_Information shown_
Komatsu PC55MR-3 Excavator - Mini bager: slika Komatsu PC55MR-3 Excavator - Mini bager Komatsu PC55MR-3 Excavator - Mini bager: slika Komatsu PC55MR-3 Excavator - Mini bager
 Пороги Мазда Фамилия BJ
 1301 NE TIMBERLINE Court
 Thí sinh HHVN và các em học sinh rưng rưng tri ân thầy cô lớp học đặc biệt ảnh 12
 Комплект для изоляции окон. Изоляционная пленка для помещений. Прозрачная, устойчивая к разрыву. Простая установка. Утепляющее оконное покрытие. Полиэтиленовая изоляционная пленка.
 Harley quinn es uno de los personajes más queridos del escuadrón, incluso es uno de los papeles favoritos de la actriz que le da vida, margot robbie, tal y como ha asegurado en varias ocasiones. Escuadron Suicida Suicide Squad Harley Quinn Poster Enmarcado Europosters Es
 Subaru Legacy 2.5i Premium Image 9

_To do_
Start at the first line of the entries above. Set down each line exactly through the one with "Thí sinh HHVN", and stop there.

_The answer_
Komatsu PC55MR-3 Excavator - Mini bager: slika Komatsu PC55MR-3 Excavator - Mini bager Komatsu PC55MR-3 Excavator - Mini bager: slika Komatsu PC55MR-3 Excavator - Mini bager
 Пороги Мазда Фамилия BJ
 1301 NE TIMBERLINE Court
 Thí sinh HHVN và các em học sinh rưng rưng tri ân thầy cô lớp học đặc biệt ảnh 12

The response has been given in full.